Symptoms of PGD are similar to grief, however the intensity does not wane and may be present most of the day, every day. Other signs of PGD would include feeling as though a part of you has died (identity disruption), avoidance of things or places that remind you of the death of the person, very strong emotional pain such as bitterness, sorrow or even anger or emotional numbness, feelings that life is meaningless, difficulty moving on with your life and extreme loneliness. Other signs could be leaving the deceased’s belongings untouched, lack of trust in other people, increased substance or alcohol use and suicidal thoughts or behaviors.
Diagnosis of prolonged grief can be mistaken for severe depression and is differentiated by the continued focus on the loss.

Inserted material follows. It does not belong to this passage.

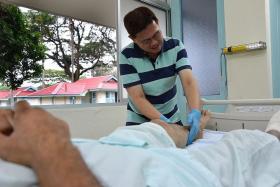 REACHING OUT: Prof Albert Teo started Touch Therapy for HIV/Aids patients in 2001 because he believes that a touch from a stranger helps heal the spirit of someone who has been ostracised.  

It does occur comorbidly with other mental health disorders such as PTSD, anxiety and/or depression. Another symptom is disrupted sleep of which 80% of people diagnosed with PGD have reported.
Treatment of prolonged grief incorporates cognitive behavior therapy and other approaches which focus on accepting the reality of the loss, working toward goals, and re-establishing a connection to life without the deceased. Research on the effect of anti-depressant medications with prolonged grief did not reflect any improvement of symptoms, however medication did assist in reducing co-occurring symptoms of depression if present. There are therapists trained to treat PGD and more information can be found at https://prolongedgrief.columbia.edu/.
If you believe your experience at losing a loved one is too difficult to deal with and are feeling isolated or alone, please contact your medical provider or reach out to a mental health provider for support. Additional assessment will determine if your experience is more than grief and will provide you with resources and any necessary referrals.